Monday, Aug. 04, 1924

The Wheat Rise

If the movement that is under way does not collapse, if it is not based on miscalculation, the farm situation in the U. S. is in a fair way for a complete change.

Wheat prices mounted rapidly last week. Corn prices followed. They reached a point about 30% higher than the week before. If the movement goes on at the same speed with which it has begun, dollar-and-a-half wheat will be a reality in the near future.

The bare facts are these: World wheat production is less than last year --perhaps 10% or 15%. The available supplies of domestic wheat will be about 5% less, according to Department of Agriculture's estimates.

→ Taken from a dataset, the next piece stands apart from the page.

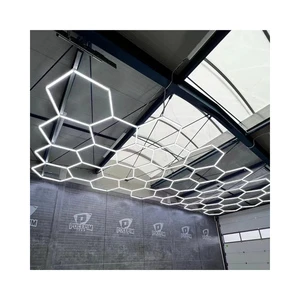 High Luminance Pro LED Handheld Inspection Hexagon Panel Ceiling & Wall Detailing Indoor Studio Workshop Light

The decrease in world wheat supplies means that the surplus which drugged the international market last year, following a remarkably large crop, will be largely non-existent this year. Prices will be higher and the U. S. farmer will garner the greater part of the advantage because his production is not off as much in proportion as the general world production.

All this depends on the correctness of present estimates. Reports last week were that black rust and weather conditions had cut the Canadian yield from last year's 400 million bushels to 200 or 225 million. Canadians sniffed at these reports. If these estimates are too small, there will probably be a market reaction.

But the fact remains that apparently the world crop will be considerably smaller, that prices will consequently be higher, that it is within the range of possibility that last year's exceedingly bad season for the U. S. wheat-farmer may be followed this year by an equally good season.

Bank failures in the Northwest dropped off 30% in May and another 25% in June. Of the 342 banks which closed during the first six months of the year, already a score, at least, have been reopened by the Agricultural Credit Corporation--the $10,000,000 body organized by private capital last Spring at President Coolidge's request.

The rise of wheat prices, if it continues, or even if it is but sustained, leads to a whole chain of circumstances. It means much better times in the farming region of the Northwest. It means much improvement in banking conditions, because banks will be able to liquidate their frozen farm loans. It may mean the difference between success and failure to the newly-organized, tremendous cooperative grain marketing project of the farmers. It means greater revenues for the Northwestern railroads and their stockholders.

It may turn Senator LaFollette's third ticket plan from a Farmer-Labor combination to a pure Labor movement. The kind of progressivism that the farmers want is that which brings progress in the form of better prices for their grain and livestock. Just at present, it appears as if they would get it without Mr. LaFollette's intervention.